Opposition verlangt Bundestagssitzung zu »Auto-Kartell«

Nach Grünen spricht sich auch Linksfraktion für rasche Zusammenkunft des Verkehrausschusses aus / Oberster Verbraucherschützer erwartet Klagen

  • Lesedauer: 3 Min.

Berlin. Die Grünen und die Linksfraktion im Bundestag fordern eine rasche Sondersitzung des Verkehrsausschusses wegen des Kartellverdachts gegen deutsche Autobauer. Das sagte Herbert Behrens (LINKE), Verkehrsexperte und Ex-Chef des Untersuchungsausschusses zum VW-Abgas-Skandal, am Montag der Deutschen Presse-Agentur. »Der Verkehrsminister muss erklären, was er im Zusammenhang mit den ungeheuerlichen Vorwürfen gegen die führenden deutschen Automobilhersteller zu tun gedenkt«, erklärte Behrens die Initiative.

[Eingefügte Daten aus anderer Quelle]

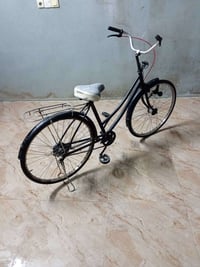 بايسكل للبيع  مكينه كبس الحجم  ٢٦ موديل ١٨ السعر ٥٥ رقم ٠٧٧٢٩٢٢٣٤٥٤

Lesen Sie auch: Kleiner Tank, große Wirkung – Warum die deutschen Autobauer die eigene Abgasreinigungstechnologie austricksen

Aus einer Antwort auf eine Kleine Anfrage im Parlament habe er erfahren, dass es viele Treffen zwischen Vertretern aus Ministerien und Konzernen gegeben habe. »Will Dobrindt wieder behaupten, ahnungslos zu sein, wie beim Thema Abschalteinrichtungen?«, fragte Behrens mit Blick auf den Bundesverkehrsminister. Am Wochenende hatten bereits die Grünen ein außerordentliches Treffen des Ausschusses gefordert. Das Gremium müsse noch vor dem »Nationalen Forum Diesel« (2. August) informiert werden, sagte Verkehrsexperte Oliver Krischer.

Der »Spiegel« hatte zuvor über ein womöglich seit vielen Jahren bestehendes Kartell berichtet, in dem sich VW, Audi, Porsche, BMW und Daimler über Technik, Kosten und Zulieferer verständigt haben sollen. Zu dem allgemeinen Vorwurf schweigen die Konzerne bisher. Bei VW fordert der Betriebsrat eine Sondersitzung des Aufsichtsrats.

Oberster Verbraucherschützer erwartet Klagen

Deutschlands oberster Verbraucherschützer Klaus Müller rechnet wegen des möglichen Auto-Kartells mit einer Klagewelle. Er geht von Zehntausenden Verfahren aus, in denen Autokäufer Schadenersatz für überteuerte Fahrzeuge verlangen könnten. Wegen der im Raum stehenden Absprachen der Hersteller hätten viele Kunden einen »möglicherweise viel zu hohen Preis« für ihre Fahrzeuge gezahlt, sagte der Chef des Bundesverbands der Verbraucherzentralen (vzbv) der »Süddeutschen Zeitung« (Montag).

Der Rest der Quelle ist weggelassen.